-- THE INPUT follows --
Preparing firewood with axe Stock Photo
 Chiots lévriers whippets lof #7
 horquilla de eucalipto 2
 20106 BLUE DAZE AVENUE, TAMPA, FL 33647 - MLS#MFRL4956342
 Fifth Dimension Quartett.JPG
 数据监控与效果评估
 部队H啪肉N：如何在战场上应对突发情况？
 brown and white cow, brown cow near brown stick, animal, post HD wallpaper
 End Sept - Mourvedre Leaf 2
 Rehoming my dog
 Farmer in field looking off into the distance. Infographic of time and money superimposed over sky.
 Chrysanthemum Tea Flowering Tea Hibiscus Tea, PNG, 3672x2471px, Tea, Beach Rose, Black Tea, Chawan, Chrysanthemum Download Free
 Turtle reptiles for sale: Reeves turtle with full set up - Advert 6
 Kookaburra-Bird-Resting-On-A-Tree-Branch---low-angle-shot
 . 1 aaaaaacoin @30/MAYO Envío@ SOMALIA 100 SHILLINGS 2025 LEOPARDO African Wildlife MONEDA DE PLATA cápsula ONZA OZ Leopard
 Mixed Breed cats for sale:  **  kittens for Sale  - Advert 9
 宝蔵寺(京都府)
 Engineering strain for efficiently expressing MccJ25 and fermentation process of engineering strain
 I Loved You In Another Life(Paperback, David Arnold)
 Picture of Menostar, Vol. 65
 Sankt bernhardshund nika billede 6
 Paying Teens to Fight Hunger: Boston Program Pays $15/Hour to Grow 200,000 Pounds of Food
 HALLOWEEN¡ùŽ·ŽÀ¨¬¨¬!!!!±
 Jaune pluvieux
-- THE INPUT concluded --
**EXERCISE PROMPT:**
Using the records above, copy exactly the lines from the one containing "Engineering strain for" through the last, inclusive, and nothing else.

**RESPONSE TO THIS EXERCISE:**
 Engineering strain for efficiently expressing MccJ25 and fermentation process of engineering strain
 I Loved You In Another Life(Paperback, David Arnold)
 Picture of Menostar, Vol. 65
 Sankt bernhardshund nika billede 6
 Paying Teens to Fight Hunger: Boston Program Pays $15/Hour to Grow 200,000 Pounds of Food
 HALLOWEEN¡ùŽ·ŽÀ¨¬¨¬!!!!±
 Jaune pluvieux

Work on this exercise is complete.